## Brief
Write the data below out again, exactly as each line reads.

==== Listed entries ====

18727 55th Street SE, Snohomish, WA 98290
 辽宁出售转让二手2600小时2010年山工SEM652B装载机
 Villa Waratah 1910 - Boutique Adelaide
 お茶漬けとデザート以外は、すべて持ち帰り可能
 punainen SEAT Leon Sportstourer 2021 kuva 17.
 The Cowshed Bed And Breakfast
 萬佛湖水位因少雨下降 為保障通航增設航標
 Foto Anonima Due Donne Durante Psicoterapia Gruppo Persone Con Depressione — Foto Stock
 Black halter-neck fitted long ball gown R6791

====

## Your solution
18727 55th Street SE, Snohomish, WA 98290
 辽宁出售转让二手2600小时2010年山工SEM652B装载机
 Villa Waratah 1910 - Boutique Adelaide
 お茶漬けとデザート以外は、すべて持ち帰り可能
 punainen SEAT Leon Sportstourer 2021 kuva 17.
 The Cowshed Bed And Breakfast
 萬佛湖水位因少雨下降 為保障通航增設航標
 Foto Anonima Due Donne Durante Psicoterapia Gruppo Persone Con Depressione — Foto Stock
 Black halter-neck fitted long ball gown R6791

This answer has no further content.